With the change in his code status and wish for full support now the doctor’s would do everything in the case of another emergency. Indeed nearly 24 hours after that decision, his heart suddenly stopped. A code blue was called and doctor’s and nurses rushed in to give him CPR. They pressed on his chest to bring back his weak heart and in the process cracked several ribs. They were forced to sedate him, put a big tube in his mouth, and connect him to a ventilator. He was gone for 7 minutes without a pulse and I cried again thinking this time it was really the end.
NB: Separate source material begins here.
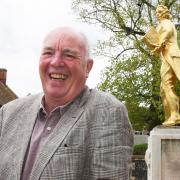 Roy Brame, town and district councillor at the Thomas Paine statue in Thetford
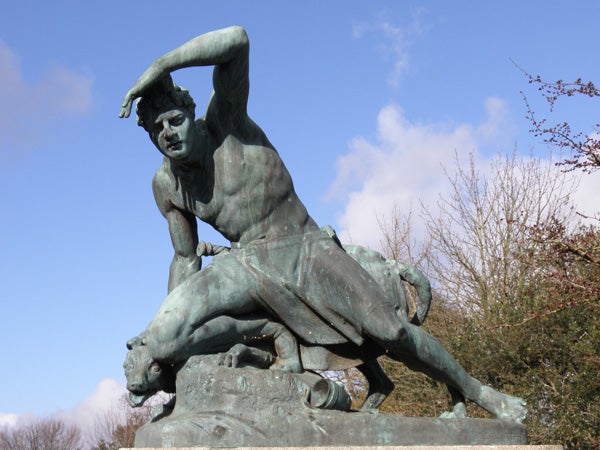 Bronze statue of a figure wrestling a bull outdoors.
Dad of course, as was his nature for all of life, was not going to give up that easily. Just like those action movies when they shoot a guy and despite multiple bullets he keeps getting up…well dad came back again. He managed to wake up, grab my hand, smile and follow directions thirty minutes after his cardiac arrest despite the tube in his mouth, the feeding tube in his nose, and many many intravenous medications hanging by his side. Ultimately, his condition slowly worsened over the next few days and it became increasingly clear that he would not survive the hospitalization. Having to stop and withdraw life-saving support was one of the hardest decisions I’ve had to make in my lifetime. 

The incredibly traumatic week of ups and downs in his care will be in my memory forever. It has made me incredibly passionate about advising future patients and loved ones about the importance of advance directives earlier in their care. 

The current pandemic has clearly increased the necessity of having these important conversations with our elderly, immunocompromised and ill relatives. With mortality estimates being 50-80% in Covid positive patients on mechanical ventilation we can all be better prepared by educating ourselves about these difficult choices. 

Having ongoing conversations with your family and doctor about advance care planning, designating surrogate decision makers, and expressing preferences for end of life care, alleviates significant hardship for everyone in the face of unexpected illness. Yet unfortunately, a review of over 150 studies from 2011-2016 (analyzing 795,909 individuals in the US) shows that in fact only 37% of people have completed an advance directive. The statistics are in fact considerably lower and can range from 2-10% in other parts of the world. 

Interestingly a recent study in the Journal of Hospital Medicine showed that if patients are provided a 6 min video with explanation about CPR and simulations of code resuscitation they were more likely to pick a Do Not Resuscitate status (56% vs. 17%). This indicates how confusing and inadequate the rushed in hospital conversations about code status can be. Advance planning can not only reduce the burden and guilt from our loved ones but also be more in alignment with what are personal goals and wishes are.